Todos estes estudos estão a preparar a equipa do IA para os próximos grandes passos, onde instrumentos como o ANDES terão um papel fundamental. É expectável que o ANDES lhes permita a deteção de substâncias químicas nas atmosferas de planetas semelhantes à Terra, o que abre a porta à deteção de biomarcadores. “A nossa forte contribuição para o projeto ANDES, no qual a equipa do IA é responsável tanto pelos desenvolvimentos científicos como tecnológicos, irá garantir que estaremos na linha da frente de novas descobertas nesta área”, acrescenta Nuno Cardoso Santos (IA & DFA-FCUP) líder da equipa A detecção e caracterização de outras Terras e coautor do artigo.


Notas

  1. O Instituto de Astrofísica e Ciências do Espaço é a instituição de referência na área em Portugal, integrando investigadores da Universidade de Lisboa, Universidade de Coimbra e Universidade do Porto, e englobando a maioria da produção científica nacional na área. Foi avaliado como “Excelente” na última avaliação de unidades de investigação e desenvolvimento organizada pela Fundação para a Ciência e a Tecnologia (FCT). A atividade do IA é financiada por fundos nacionais e internacionais, incluindo pela FCT/MCES (UIDB/04434/2020 e UIDP/04434/2020).
  2. O artigo“Detection of Barium in the atmospheres of ultra-hot gas giants WASP-76b & WASP-121b, And new detections of Co and Sr+ on WASP-121b”, foi publicado na revista journal Astronomy & Astrophysics, Vol.666, L10 (DOI: 10.1051/0004-6361/202244489).
  3. O artigo “Asymmetry in the upper atmosphere of the ultra-hot Jupiter WASP-76 b”, foi publicado na revista Astronomy & Astrophysics, Vol.684, A27 (DOI: 10.1051/0004-6361/202348270).

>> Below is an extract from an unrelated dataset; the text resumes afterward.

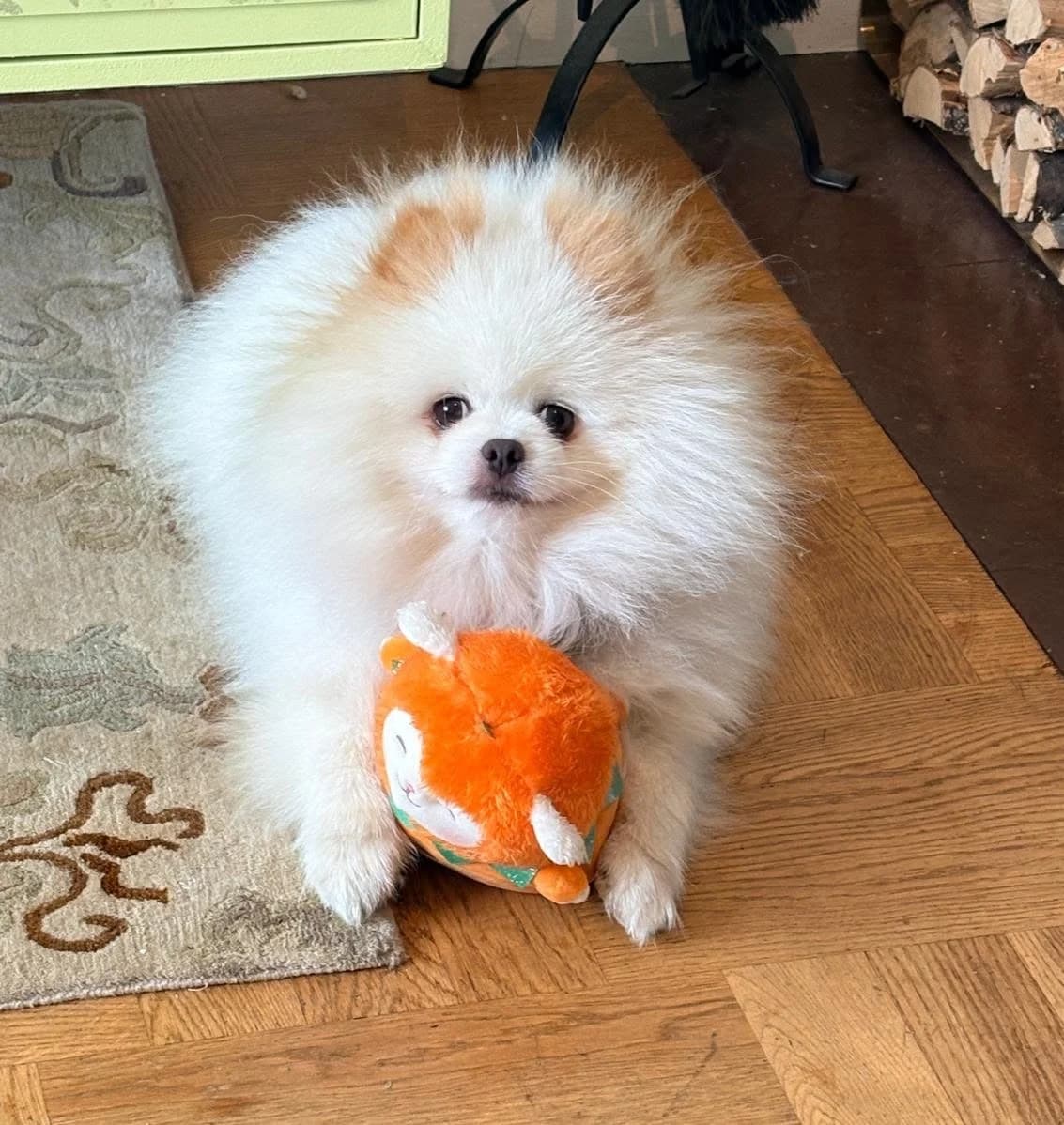 Edgar, male 5yo Pomeranian for adoption at Hundar Utan Hem, Stockholm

  4. O artigo“ESPRESSO reveals blueshifted neutral iron emission lines on the dayside of WASP-76 b”, foi publicado na revista Astronomy & Astrophysics, Vol.689 (DOI: 10.1051/0004-6361/202449935).

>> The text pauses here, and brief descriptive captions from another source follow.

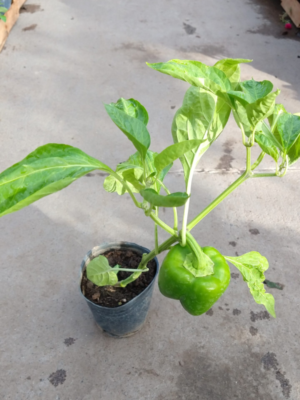 El ají morrón es una planta herbácea que se consume como verdura cruda o cocida, ideal para armar una huerta en casa con poco espacio.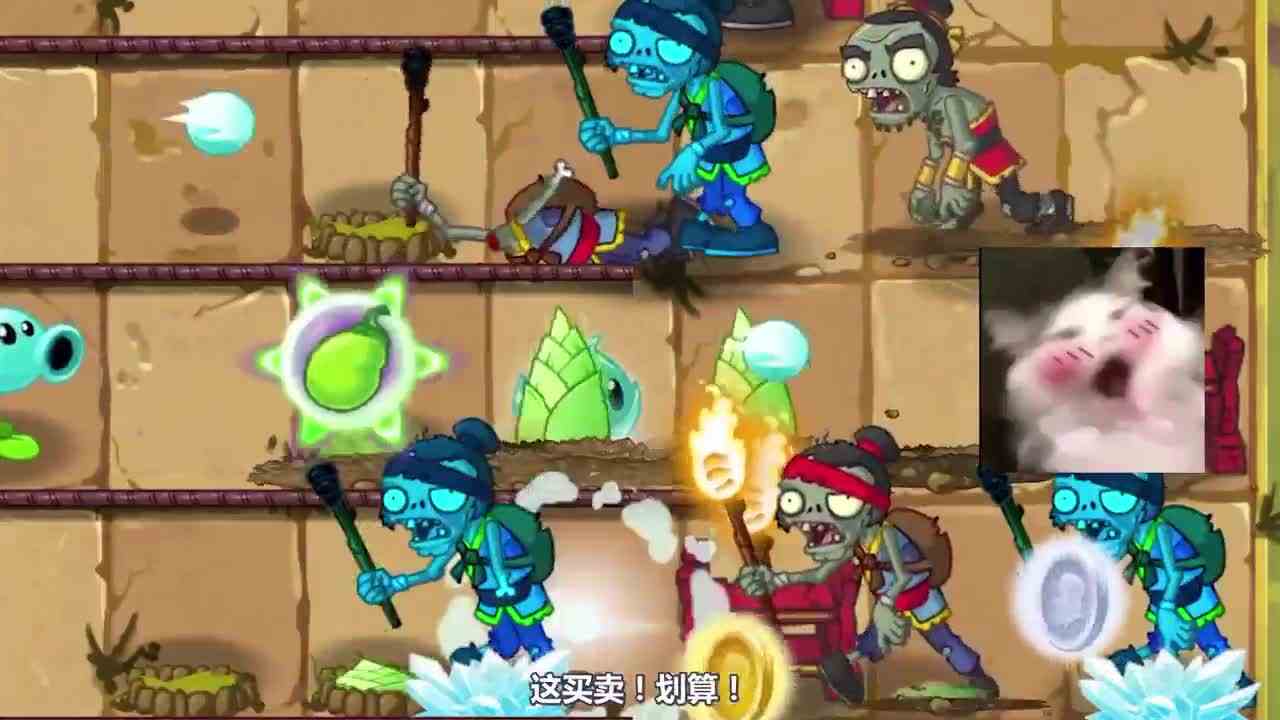 植物大战僵尸：小妹灭火，戴夫直呼内行！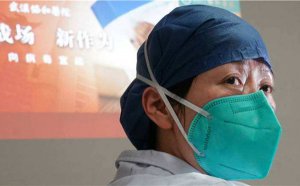 2020���������ٹ����ۺ�����ľ�ѡ10ƪ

  5. A equipa é: A. R. Costa Silva, O. D. S. Demangeon, N. C. Santos, D. Ehrenreich, C. Lovis, H. Chakraborty, M. Lendl, F. Pepe, S. Cristiani, R. Rebolo, M. R. Zapatero-Osorio, V. Adibekyan, Y. Alibert, R. Allart, C. Allende Prieto, T. Azevedo Silva, F. Borsa, V. Bourrier, E. Cristo, P. Di Marcantonio, E. Esparza-Borges, P. Figueira, J. I. González Hernández, E. Herrero-Cisneros, G. Lo Curto, C. J. A. P. Martins, A. Mehner, N. J. Nunes, E. Palle, S. Pelletier, J. V. Seidel, A. M. Silva, S. G. Sousa, A. Sozzetti, M. Steiner, A. Suárez Mascareño e S. Udry
  6. O ESPRESSO (Echelle SPectrogaph for Rocky Exoplanet and Stable Spectroscopic Observations) é um espectrógrafo de alta resolução, instalado no observatório VLT (ESO). Foi construído com o objetivo de procurar e detetar planetas parecidos com a Terra, capazes de suportar vida. Para tal, consegue detetar variações de velocidade de cerca de 0,3 km/h. Tem ainda por objetivo testar a estabilidade das constantes fundamentais do Universo.

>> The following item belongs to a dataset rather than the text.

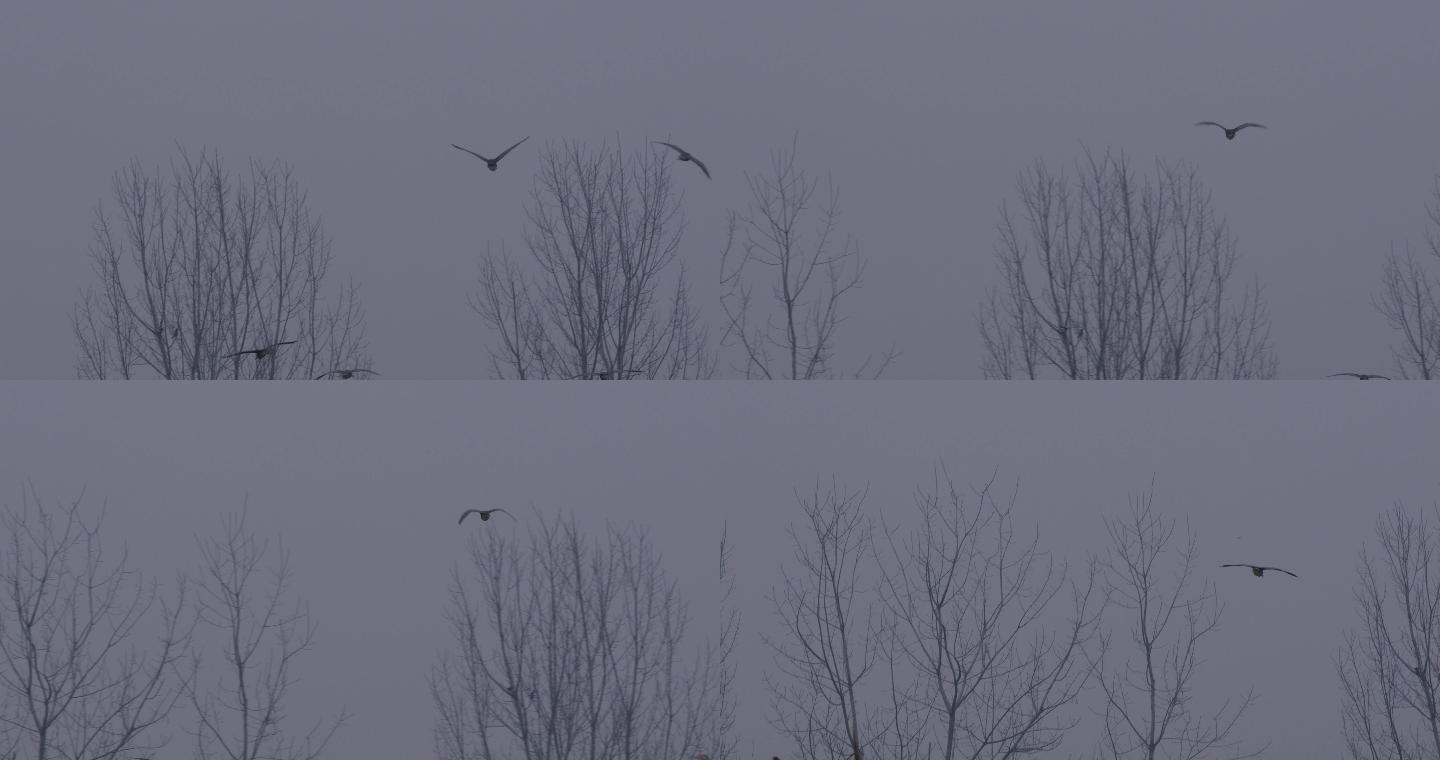 夜鹭飞过冬天的树梢2-2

  7. O artigo “Nightside condensation of iron in an ultra-hot giant exoplanet”, foi publicado na revista Nature, 580, p.597–601 (DOI: 10.1038/s41586-020-2107-1)
  8. O ANDES (ArmazoNes high Dispersion Echelle Spectrograph, ou espectrógrafo de Echelle de alta dispersão do Armazones) é um espectrógrafo, a ser instalado no ELT (em Cerro Armazones, deserto do Atacama, Chile). Irá observar, com grande precisão, objetos individuais no visível e no infravermelho, o que Irá permitir procurar indícios de vida através da análise da atmosfera de exoplanetas, estudar a evolução de galáxias e identificar a primeira geração de estrelas que se formaram no Universo primitivo, ou determinar se as constantes do Universo variam ao longo do tempo.